La Fidelité Review

A young French couple have doubts, but get married anyway. Then the doubts resurface, and she goes off to test herself. When she returns, the husband cannot believe that she has not been unfaithful, and loops of distrust keep forming.

by Colin Kennedy |
Published on
Release Date:

01 Dec 2000

Running Time:

166 minutes

Certificate:

15

Original Title:

La Fidelité

Mon dieu! If The League Of Gentleman made a three-hour sketch slandering modern French movies, it might just scale the preposterous peaks mounted by this yawn-a-thon. With pretensions to be both a meditation on the nature of fidelity and a high Shakespearean tragedy of internecine feuding, this is in fact a tortuous sequence of strangers having wordless sex for no apparent reason, then flagellating themselves silly with unspecified guilt.

Marceau is an attractive lead, but after two hours of watching her flouncy photographer vacillate between duty and desire you will want to punch her in the face.
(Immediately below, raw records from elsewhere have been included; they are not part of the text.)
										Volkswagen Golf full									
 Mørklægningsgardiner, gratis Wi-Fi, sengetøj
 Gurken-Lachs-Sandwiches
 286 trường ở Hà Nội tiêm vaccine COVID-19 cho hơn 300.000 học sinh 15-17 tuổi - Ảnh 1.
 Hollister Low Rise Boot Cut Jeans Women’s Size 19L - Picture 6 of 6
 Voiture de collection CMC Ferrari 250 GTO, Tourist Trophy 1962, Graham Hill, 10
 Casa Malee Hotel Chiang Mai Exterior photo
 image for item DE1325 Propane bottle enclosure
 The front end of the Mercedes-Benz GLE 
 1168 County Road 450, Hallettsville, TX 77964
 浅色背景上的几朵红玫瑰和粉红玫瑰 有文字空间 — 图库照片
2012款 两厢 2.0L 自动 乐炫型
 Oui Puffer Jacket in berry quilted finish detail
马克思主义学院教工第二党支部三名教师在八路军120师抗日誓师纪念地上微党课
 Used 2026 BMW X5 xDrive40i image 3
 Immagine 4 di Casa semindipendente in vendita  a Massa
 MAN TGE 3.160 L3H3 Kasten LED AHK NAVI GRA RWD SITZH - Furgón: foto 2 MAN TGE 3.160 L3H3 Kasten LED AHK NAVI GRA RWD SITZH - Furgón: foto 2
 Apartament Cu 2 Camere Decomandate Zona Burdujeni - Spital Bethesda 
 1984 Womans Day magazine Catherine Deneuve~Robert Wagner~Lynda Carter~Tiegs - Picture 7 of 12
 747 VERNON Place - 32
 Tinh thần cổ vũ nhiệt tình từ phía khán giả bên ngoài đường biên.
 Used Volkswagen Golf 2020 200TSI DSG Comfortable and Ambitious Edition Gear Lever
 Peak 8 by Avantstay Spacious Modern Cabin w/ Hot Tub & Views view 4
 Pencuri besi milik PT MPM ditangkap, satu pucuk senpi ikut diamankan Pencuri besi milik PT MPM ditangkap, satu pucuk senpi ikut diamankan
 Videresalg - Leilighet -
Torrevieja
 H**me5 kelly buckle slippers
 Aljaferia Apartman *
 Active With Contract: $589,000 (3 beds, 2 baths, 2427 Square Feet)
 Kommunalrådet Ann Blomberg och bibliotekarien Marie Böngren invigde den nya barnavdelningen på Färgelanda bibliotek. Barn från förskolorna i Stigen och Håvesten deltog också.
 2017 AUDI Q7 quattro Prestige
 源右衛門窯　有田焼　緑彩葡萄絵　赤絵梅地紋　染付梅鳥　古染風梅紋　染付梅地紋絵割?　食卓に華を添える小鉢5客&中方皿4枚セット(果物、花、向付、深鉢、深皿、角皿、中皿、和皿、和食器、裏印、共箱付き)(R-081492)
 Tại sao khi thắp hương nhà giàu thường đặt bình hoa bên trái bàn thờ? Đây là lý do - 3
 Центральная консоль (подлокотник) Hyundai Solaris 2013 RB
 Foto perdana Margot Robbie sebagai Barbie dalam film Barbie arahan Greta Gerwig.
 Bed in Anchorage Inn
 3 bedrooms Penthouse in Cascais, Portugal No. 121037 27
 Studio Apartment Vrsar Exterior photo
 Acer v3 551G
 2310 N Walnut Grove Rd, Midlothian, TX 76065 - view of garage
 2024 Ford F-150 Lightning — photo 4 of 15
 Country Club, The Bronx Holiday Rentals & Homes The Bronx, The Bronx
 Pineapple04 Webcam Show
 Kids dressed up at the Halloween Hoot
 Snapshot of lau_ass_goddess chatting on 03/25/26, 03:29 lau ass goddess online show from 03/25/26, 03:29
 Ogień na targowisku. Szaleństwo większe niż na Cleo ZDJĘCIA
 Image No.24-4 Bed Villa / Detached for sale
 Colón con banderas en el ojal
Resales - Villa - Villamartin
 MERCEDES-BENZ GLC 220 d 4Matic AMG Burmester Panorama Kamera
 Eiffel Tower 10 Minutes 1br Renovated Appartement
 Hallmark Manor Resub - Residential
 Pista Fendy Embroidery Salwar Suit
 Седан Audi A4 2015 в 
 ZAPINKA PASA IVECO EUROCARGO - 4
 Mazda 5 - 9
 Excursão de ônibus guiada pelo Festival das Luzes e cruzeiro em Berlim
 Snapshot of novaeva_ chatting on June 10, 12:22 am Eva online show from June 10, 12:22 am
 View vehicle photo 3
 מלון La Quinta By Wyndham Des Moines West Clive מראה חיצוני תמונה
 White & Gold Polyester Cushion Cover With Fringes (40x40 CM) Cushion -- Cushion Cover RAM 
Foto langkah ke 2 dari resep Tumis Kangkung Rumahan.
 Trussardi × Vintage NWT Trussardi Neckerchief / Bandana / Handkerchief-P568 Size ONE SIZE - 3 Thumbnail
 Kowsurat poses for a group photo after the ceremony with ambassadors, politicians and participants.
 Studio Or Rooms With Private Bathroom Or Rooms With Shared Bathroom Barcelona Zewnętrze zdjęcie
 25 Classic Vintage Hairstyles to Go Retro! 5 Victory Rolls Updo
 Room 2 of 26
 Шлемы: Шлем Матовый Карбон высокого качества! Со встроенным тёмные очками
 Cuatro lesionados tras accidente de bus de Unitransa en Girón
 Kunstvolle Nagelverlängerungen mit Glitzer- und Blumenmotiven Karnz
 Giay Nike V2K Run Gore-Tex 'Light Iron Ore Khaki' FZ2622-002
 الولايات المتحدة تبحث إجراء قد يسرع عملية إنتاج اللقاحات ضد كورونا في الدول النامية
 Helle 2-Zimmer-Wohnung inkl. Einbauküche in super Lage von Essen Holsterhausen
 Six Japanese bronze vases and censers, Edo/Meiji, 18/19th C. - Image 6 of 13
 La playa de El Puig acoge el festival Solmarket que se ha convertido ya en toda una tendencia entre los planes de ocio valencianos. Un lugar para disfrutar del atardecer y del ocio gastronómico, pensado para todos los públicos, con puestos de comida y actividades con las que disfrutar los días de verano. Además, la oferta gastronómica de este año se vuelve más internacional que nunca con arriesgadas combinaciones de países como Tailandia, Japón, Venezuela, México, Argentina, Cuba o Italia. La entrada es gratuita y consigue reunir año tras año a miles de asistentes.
Astonishingly, this corpulent carcass was selected as lead ambassador for a selection of French films touring the UK. Quelle erreur! It’s enough to put you off French films forever.

Remember that Monty Python sketch with Terry Jones walking around in a junk yard, smoking a cigarette and rambling pretentious bollocks while wearing a striped t-shirt, beret and sunglasses? That was better.